Understanding the IPFS White Paper part 2

Mon 21 August 2017

This article is part 5 of the Blockchain train journal, start reading here: Catching the Blockchain Train.

The IPFS White Paper: IPFS Design

The IPFS stack is visualized as follows:

or with more detail:

I borrowed both images from presentations by Juan Benet (the BDFL of IPFS).

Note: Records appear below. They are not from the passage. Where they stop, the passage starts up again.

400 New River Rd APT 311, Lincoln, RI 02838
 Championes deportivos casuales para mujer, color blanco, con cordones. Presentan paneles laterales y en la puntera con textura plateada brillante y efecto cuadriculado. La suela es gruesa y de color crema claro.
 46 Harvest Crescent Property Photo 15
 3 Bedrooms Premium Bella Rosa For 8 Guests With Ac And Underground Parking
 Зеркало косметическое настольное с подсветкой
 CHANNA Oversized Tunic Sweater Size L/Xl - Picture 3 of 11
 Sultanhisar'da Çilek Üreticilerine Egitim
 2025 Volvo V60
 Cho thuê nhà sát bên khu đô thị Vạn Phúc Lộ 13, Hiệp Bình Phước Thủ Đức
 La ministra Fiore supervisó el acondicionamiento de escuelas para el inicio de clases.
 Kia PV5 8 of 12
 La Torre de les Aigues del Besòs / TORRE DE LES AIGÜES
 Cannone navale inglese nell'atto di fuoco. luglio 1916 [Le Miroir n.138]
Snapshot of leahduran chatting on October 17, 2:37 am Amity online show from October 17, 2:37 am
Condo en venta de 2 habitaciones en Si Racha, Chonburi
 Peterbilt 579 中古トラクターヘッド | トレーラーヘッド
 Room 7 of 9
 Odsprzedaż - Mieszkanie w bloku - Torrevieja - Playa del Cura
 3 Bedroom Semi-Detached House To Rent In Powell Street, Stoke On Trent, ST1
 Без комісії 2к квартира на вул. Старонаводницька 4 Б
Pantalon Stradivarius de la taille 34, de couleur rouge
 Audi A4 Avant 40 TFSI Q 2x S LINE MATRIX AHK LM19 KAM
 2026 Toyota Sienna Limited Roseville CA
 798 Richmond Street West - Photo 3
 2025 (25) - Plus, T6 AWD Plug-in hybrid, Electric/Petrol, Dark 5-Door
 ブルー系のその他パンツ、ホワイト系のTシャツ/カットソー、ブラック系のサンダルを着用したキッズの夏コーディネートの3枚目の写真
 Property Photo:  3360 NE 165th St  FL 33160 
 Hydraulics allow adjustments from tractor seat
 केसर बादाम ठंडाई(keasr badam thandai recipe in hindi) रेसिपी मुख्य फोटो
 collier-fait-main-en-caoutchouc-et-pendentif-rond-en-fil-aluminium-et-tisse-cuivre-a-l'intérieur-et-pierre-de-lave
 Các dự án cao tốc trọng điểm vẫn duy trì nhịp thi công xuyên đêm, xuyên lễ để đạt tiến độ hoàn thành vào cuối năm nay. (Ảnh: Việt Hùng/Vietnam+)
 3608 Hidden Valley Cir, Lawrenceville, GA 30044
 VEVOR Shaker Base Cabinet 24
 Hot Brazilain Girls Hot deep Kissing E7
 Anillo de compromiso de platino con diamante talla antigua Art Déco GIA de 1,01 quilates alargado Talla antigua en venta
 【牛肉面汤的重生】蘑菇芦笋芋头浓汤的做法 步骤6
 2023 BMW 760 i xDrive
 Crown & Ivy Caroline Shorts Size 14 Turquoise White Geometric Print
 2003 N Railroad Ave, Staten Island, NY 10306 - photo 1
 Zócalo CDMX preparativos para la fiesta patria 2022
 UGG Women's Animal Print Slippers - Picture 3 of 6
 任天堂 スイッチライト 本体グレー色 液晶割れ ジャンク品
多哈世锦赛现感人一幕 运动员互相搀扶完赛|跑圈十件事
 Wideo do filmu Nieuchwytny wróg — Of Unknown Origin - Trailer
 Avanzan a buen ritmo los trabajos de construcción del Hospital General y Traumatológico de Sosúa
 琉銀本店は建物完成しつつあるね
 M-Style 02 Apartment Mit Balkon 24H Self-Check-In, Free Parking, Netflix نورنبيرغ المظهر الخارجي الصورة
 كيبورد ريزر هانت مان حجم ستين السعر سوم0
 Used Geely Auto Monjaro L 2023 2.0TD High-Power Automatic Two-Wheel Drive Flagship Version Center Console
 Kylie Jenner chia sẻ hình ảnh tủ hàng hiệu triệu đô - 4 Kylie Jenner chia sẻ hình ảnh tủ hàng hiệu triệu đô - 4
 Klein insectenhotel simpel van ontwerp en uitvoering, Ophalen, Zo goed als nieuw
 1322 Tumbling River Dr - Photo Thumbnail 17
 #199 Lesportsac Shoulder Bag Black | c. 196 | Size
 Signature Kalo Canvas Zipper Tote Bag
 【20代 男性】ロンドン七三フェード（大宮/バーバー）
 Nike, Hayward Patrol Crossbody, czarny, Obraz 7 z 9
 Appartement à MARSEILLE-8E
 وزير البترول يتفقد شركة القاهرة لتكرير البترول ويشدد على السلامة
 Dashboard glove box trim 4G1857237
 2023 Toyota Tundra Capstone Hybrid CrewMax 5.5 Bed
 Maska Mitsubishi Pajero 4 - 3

The IPFS design in the white paper goes more or less through these layers, bottom-up:

The IPFS Protocol is divided into a stack of sub-protocols responsible for different functionality:

  1. Identities - manage node identity generation and verification.
  2. Network - manages connections to other peers, uses various underlying network protocols. Configurable.
  3. Routing - maintains information to locate specific peers and objects. Responds to both local and remote queries. Defaults to a DHT, but is swappable.
  4. Exchange - a novel block exchange protocol (BitSwap) that governs efficient block distribution. Modelled as a market, weakly incentivizes data replication. Trade Strategies swappable.
  5. Objects - a Merkle DAG of content-addressed immutable objects with links. Used to represent arbitrary data structures, e.g. file hierarchies and communication systems.
  6. Files - versioned file system hierarchy inspired by Git.
  7. Naming - A self-certifying mutable name system.

Here's my alternative naming of these sub-protocols:

  1. Identities: name those nodes
  2. Network: talk to other clients
  3. Routing: announce and find stuff
  4. Exchange: give and take
  5. Objects: organize the data
  6. Files: uh?
  7. Naming: adding mutability

Let's go through them and see if we can increase our understanding of IPFS a bit!

Identities: name those nodes

IPFS is a P2P network of clients; there is no central server. These clients are the nodes of the network and need a way to be identified by the other nodes. If you just number the nodes 1,2,3,... anyone can add a node with an existing ID and claim to be that node. To prevent that some cryptography is needed. IPFS does it like this:

  • generate a PKI key pair (public + private key)
  • hash the public key
  • the resulting hash is the NodeId

All this is done during the init phase of a node: ipfs init > the resulting keys are stored in ~/.ipfs/config and returns the NodeId.

When two nodes start communicating the following happens:

  • exchange public keys
  • check if: hash(other.PublicKey) == other.NodeId
  • if so, we have identified the other node and can e.g. request for data objects
  • if not, we disconnect from the "fake" node

The actual hashing algorithm is not specified in the white paper, read the note about that here:

Rather than locking the system to a particular set of function choices, IPFS favors self-describing values. Hash digest values are stored in multihash format, which includes a short header specifying the hash function used, and the digest length in bytes.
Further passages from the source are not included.